We installed almost 20 Intersection|Prospect Heights popup exhibitions in everyday places all around Prospect Heights. These included the supermarket, the library, the hardware store, dry cleaners and bars, among other places. One of the highlights of the project was forming relationships with these businesses and the ways that they came to host the project, and in many sites, to really support it, look out for it, and feel proud of it.
Met Food. The place that kept me going in my research, which David told me “talks more about the sense of community” than anywhere else, and the place to which I was most thrilled to see these stories and photographs brought back, almost 15 years later. Frank and Abdul, community-builders, and incredibly supportive people in this project. Not to mention hosts who on our guided tours provided all participants with bananas. Amazing.
Kimchi Grill, where our neighborhood stories were right next to another essential – hot sauce.

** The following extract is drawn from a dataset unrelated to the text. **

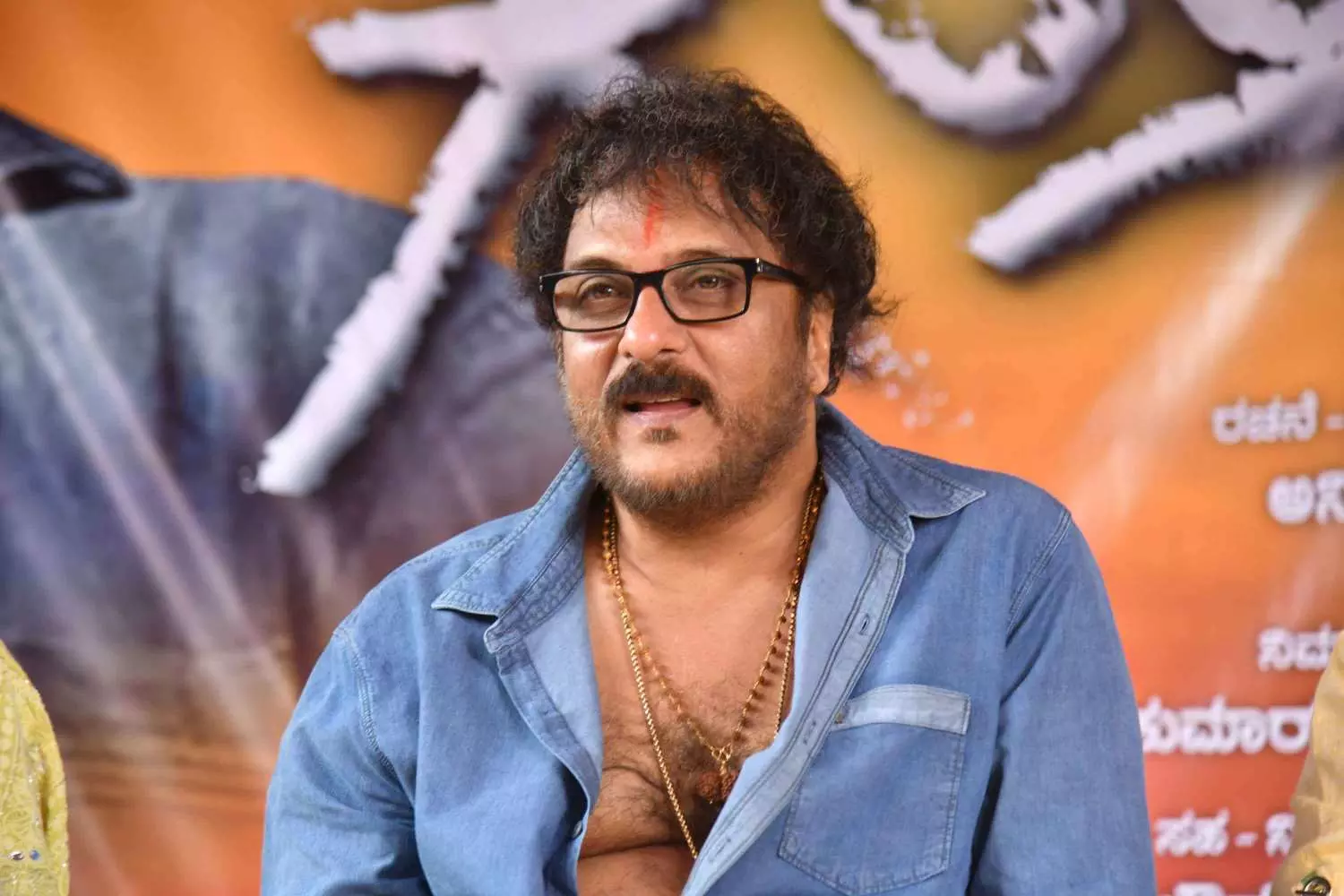 ಸವಾಲು ಹಾಕಿದ ರವಿಚಂದ್ರನ್; ಆರು ತಿಂಗಳಲ್ಲಿ ಸಿನಿಮಾ ಮಾಡಲು ಕರೆ ಸವಾಲು ಹಾಕಿದ ರವಿಚಂದ್ರನ್; ಆರು ತಿಂಗಳಲ್ಲಿ ಸಿನಿಮಾ ಮಾಡಲು ಕರೆ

COLOR Bklyn. They shared their last months on Washington Avenue with us, and valiantly put the project out on the street everyday, protecting it from wind and rain, and helping us to engage people passing by on the street.
Brooklyn Public Library. One of the most wonderful parts of this project was working with BPL, and finding all the synergies between Intersection and all the amazing initiatives going on at BPL – from the Brooklyn Transitions series to the Brooklyn Collection to Our Streets, Our Stories, and beyond. The installation above was in the Central Branch’s children’s room, where we got some of the most heartfelt stories contributed, including the one below.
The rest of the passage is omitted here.